It's in their heads to get back together again
The Associated Press
It's easy to laugh about it now, but Chris Ballew of the Presidents of the United States of America wasn't laughing when he decided that he'd had it with the rock 'n' roll lifestyle.
"I definitely could've handled it better," Ballew, the Seattle band's lead singer and guitarist, recalled. "We met up for a band meeting, and I started by saying, `Hey, before we get started, there's something I need to bring up. I quit.' "
Bassist Dave Dederer and drummer Jason Finn said they were surprised only by the timing of the October 1997 announcement, not the idea.
Dederer gave Ballew a nudge in the Seattle restaurant booth where the band noshed on fried calamari and French fries during a recent interview.
"He's a quitter," Dederer said, leaning toward a tape recorder. "Did you get that? Quit-ter. We should've renamed ourselves The Quitters."
Instead, the one-time top-10 band has shortened its name - now just The Presidents - and reunited for a fourth album, due in stores in September.
The new album may surprise those who attended the band's farewell concert in January 1998 at Seattle's Paramount Theatre. Band members swore it was the last time anyone would hear from them.
It was a defining moment in Seattle music history. Photos, smashed guitars and a pair of Ballew's shoes from the show - along with Ballew's original handwritten lyrics that became the hit "Lump" - are enshrined at the new Experience Music Project museum.

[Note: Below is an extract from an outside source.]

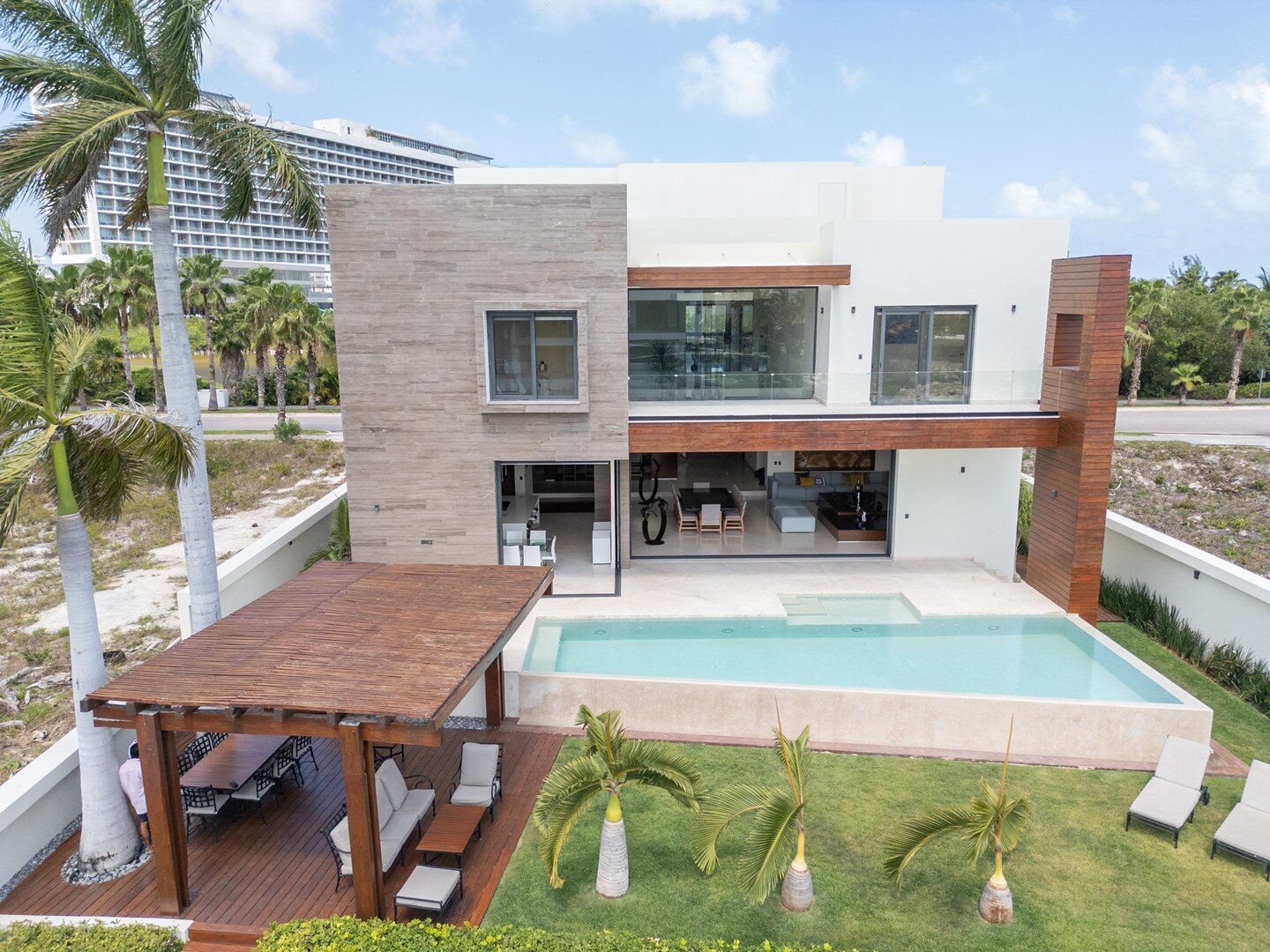 Einfamilienhaus zum Kauf 6.817.167 € 5 Zimmer 1.250 m²<br/>Wohnfläche 900 m²<br/>Grundstück Puerto Cancún Cancún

For a while, The Presidents were willing to let the band and its songs collect dust in the annals of rock 'n' roll. Even the name was getting old.
"It was a one-note gag," Finn said. "We're now gag-less."
That's hard to believe from a band that made its reputation on the playful punk-tinged songs "Peaches," "Boil Weevil," "Kitty" and "Lump." The band's first album, produced in 1995, went triple platinum, though the second, appropriately called "II," barely made it to gold status.
The Presidents tried to capitalize on their success and ran themselves ragged. They worked nonstop for nearly three years: touring, recording and touring again.
"It was such an adjustment, just going home and being with my wife," Ballew said. "I was so exhausted I'd just zone out. And I couldn't trash the bathroom and just leave it for housekeeping to clean up. There was no housekeeping."
So the band quit. A third album of B-sides, live cuts, outtakes and covers, called "Pure Frosting," was released just before the Paramount show. And that was it.
After the breakup and some down time at home, Ballew started working with other Seattle-area musicians, going back to playing in local clubs and bars. Dederer played with others as well but took some additional time to be with his wife and kids.
Finn became a partner in the Asteroid Cafe, an Italian restaurant in Seattle. He also joined a number of local bands and still plays with many of them, both in recording sessions and at gigs.
Last year the three teamed up with Seattle-based rap star Sir Mix-A-Lot for a new project, which they called Subset. It was both creatively satisfying and a local success. Subset was featured at the grand-opening concerts for Experience Music Project, where Dederer volunteers his time for educational outreach.
During their work on Subset, the former Presidents found they were enjoying themselves. When the independent label MusicBlitz approached the band, they decided to take another trip to the studio.
"I like working with Dave and Jason, don't get me wrong. We work well together," Ballew said.
Their newest album, "Freaked Out and Small," is the result of just 10 days of what the band calls "banker's hours." But during those sessions, The Presidents discovered a fuller sound, adding piano and Hammond organ.
The band's maturity and experience comes to the fore on some tracks. "Heading Out," one of Ballew's favorites, highlights the band's frustrations and fatigue from its previous incarnation.
It's that lingering frustration that Ballew says makes a reunion tour unlikely.
"I just don't want to go back to that again," Ballew said. "Call me a quitter, great. I'm really proud of this album, and I'm glad I did it. Let it stand on its own. It's a great piece of work."
Dederer and Finn nodded, but after the interview, at least one President hinted there might be more to come.